Chapitre 15 : Divergence
Quelques insultes plus tard, mon poing sur le nez de Mohan et une certaine agitation collective, on avait fini par tombé d’accord. Entre Dory et Tony, ce dernier nous semblait le moins fiable des deux. Nous ne l’avions jamais vu auparavant et il pouvait aisément disparaître avec la marchandise. Donc, une seule brique pour lui, les deux autres pour la mère de Lenny.
De retour chez moi, la tension restait palpable et peinait à retomber. Mohan m’avait sérieusement asticoté, Angus doutait du potentiel de mon plan, et Taz… Il m’avait saoulé avec ses questions débiles. Notre business n’avait pas encore démarré, que les choses se compliquaient déjà. J’avais imaginé un soutien sans failles de la part de mes acolytes, convaincu que notre équipe saurait gérer l’adversité de cette délicate entreprise, mais je m’étais fourvoyé. La solidarité que j’avais espérée n’était pas au rendez-vous, et j’avais les nerfs à vif. Ambiance pesante qui avait contaminé l’ensemble de la bande. On était tous à cran.
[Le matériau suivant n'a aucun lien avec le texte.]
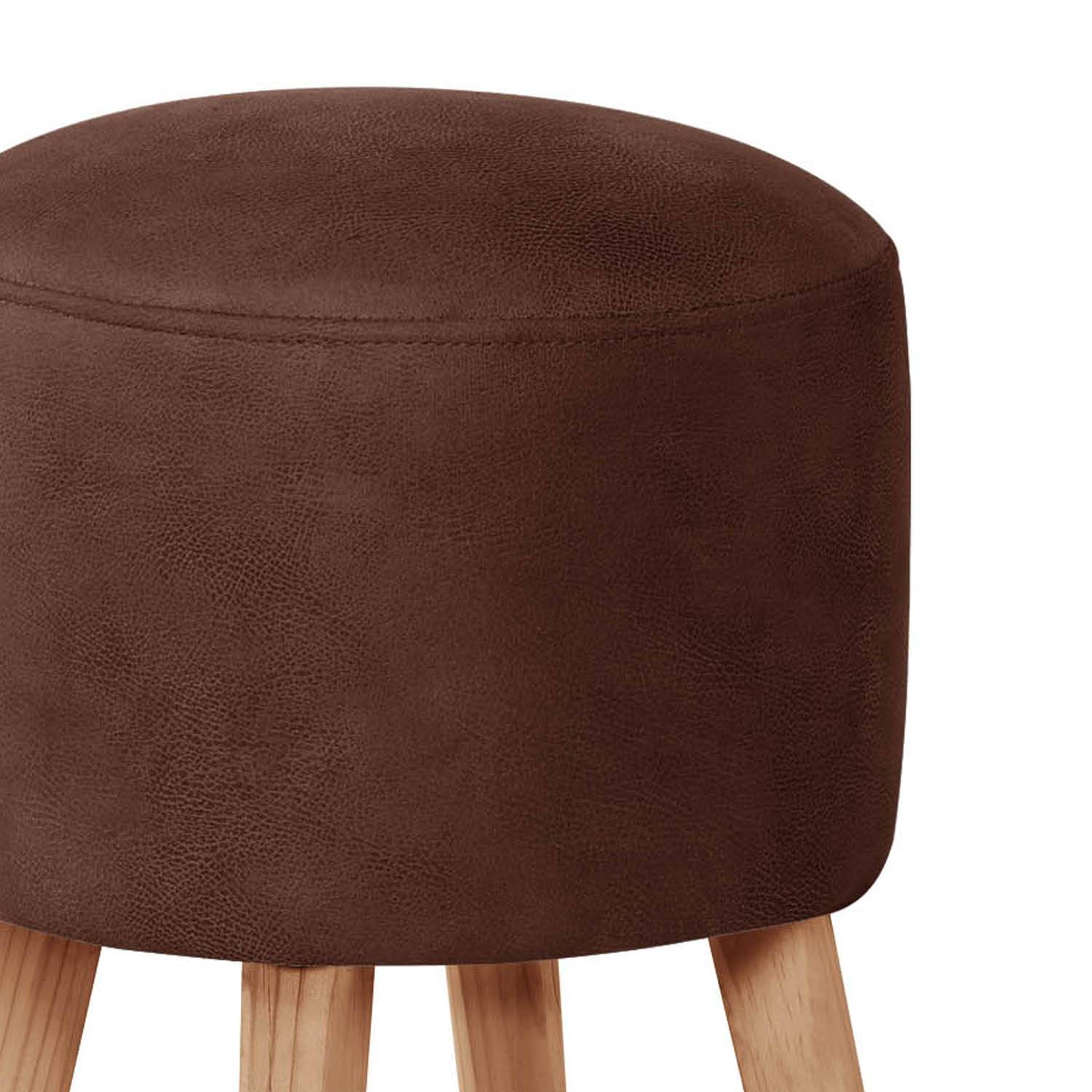 POUF LATAM HOME NANTES CUERO KENTUCKY CAFE MORO - 2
Un mot plus haut que l’autre, et ça tournerait au pugilat !
— On en prend une chacun, on n’a qu’à les planquer sous nos fringues, proposai-je en lançant une brique à Angus et l’autre à Mohan, qui appuyait sur son nez ensanglanté avec un mouchoir.
— Et moi ? demanda Taz en farfouillant dans les placards de ma cuisine.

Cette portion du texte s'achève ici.